Deadlines are strict:
- Quarterly updates due by the 7th of the second month after quarter end.
- Final Declaration due by 31 January.
Late payments will attract interest and potentially surcharges.
(HMRC late submission penalties)
Can penalties be appealed?
Yes, if you have a reasonable excuse (illness, bereavement, system failure). But “I forgot” or “my software crashed” may not always be accepted.
5. Pilot Scheme & Voluntary Participation
Can I join MTD early?
Yes. HMRC runs a pilot scheme where eligible taxpayers can sign up before it’s mandatory.
Benefits of joining early:
- Practice using software and quarterly updates.

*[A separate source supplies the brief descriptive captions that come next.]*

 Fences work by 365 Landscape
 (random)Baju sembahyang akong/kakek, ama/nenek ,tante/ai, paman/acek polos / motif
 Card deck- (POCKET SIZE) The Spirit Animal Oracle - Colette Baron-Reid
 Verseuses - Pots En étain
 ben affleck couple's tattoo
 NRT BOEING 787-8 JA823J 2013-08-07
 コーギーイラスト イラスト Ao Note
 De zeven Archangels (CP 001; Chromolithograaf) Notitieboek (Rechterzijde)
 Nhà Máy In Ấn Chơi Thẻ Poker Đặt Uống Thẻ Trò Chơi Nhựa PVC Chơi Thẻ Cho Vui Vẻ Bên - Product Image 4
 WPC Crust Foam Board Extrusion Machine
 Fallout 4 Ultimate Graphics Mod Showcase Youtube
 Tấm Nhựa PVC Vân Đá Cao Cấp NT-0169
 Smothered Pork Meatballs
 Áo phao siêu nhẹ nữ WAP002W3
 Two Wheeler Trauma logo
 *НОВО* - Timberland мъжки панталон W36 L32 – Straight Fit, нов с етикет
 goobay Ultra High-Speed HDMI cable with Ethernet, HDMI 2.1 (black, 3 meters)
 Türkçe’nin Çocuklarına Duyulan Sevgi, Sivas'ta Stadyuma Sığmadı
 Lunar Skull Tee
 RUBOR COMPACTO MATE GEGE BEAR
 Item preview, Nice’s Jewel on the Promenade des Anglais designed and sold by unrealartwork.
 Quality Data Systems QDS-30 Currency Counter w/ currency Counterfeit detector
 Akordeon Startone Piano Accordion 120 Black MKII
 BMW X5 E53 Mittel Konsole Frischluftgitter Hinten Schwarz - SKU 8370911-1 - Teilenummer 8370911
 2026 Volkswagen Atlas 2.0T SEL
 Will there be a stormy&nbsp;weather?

- Resolve issues before penalties apply.
- Get used to digital record-keeping gradually.
Many accountants recommend early adoption to avoid a last-minute rush in 2026.
6. Exemptions & Digital Exclusion
Who can apply for exemption from MTD?
HMRC allows exemption if:
- Age, disability, or illness makes digital record-keeping impractical.
- Religious grounds prevent use of technology.
- No reliable internet access in your area.
Applications must be made directly to HMRC and approved. (gov.uk exemption guidance)
7. Tax Planning Opportunities with MTD
How can MTD help me manage cashflow?
Because quarterly updates give you real-time tax estimates, you can:
- Budget for payments on account.
- Avoid nasty surprises in January.
- Spread tax savings across the year.
Example:
Sole trader sees that Q2 updates project a £5,000 tax bill. They set aside £2,500 immediately instead of waiting until January.
Will MTD make accountants redundant?
No. In fact, demand for accountants may increase as taxpayers struggle with quarterly deadlines. Accountants can:
- Set up software.
- File updates on your behalf.
- Spot errors before they cause penalties.
- Provide tax planning advice based on real-time data.
8. The Future of MTD – IT
- Corporation Tax: MTD for Corporation Tax is expected later this decade.
- Lower thresholds: After 2028, it’s possible HMRC will extend below £20,000.
- Real-time taxation: Eventually, the UK may move towards PAYE-like systems for all.
9. Final Checklist
- Check if your income exceeds £50,000 (from April 2026).
- Choose MTD-compatible software.
- Start digitising receipts and expenses.
- Talk to your accountant now.
- Monitor HMRC updates.
- Consider joining the pilot early.
Conclusion
Making Tax Digital for Income Tax is not just an admin change – it’s a cultural shift in how tax is reported.
For sole traders and landlords, success under MTD means preparing early, adopting the right tools, and building good record-keeping habits now.
Those who start early will find the transition manageable. Those who wait until 2026 risk a painful adjustment.
The bottom line: if you’re a landlord or sole trader, get MTD for IT-ready today.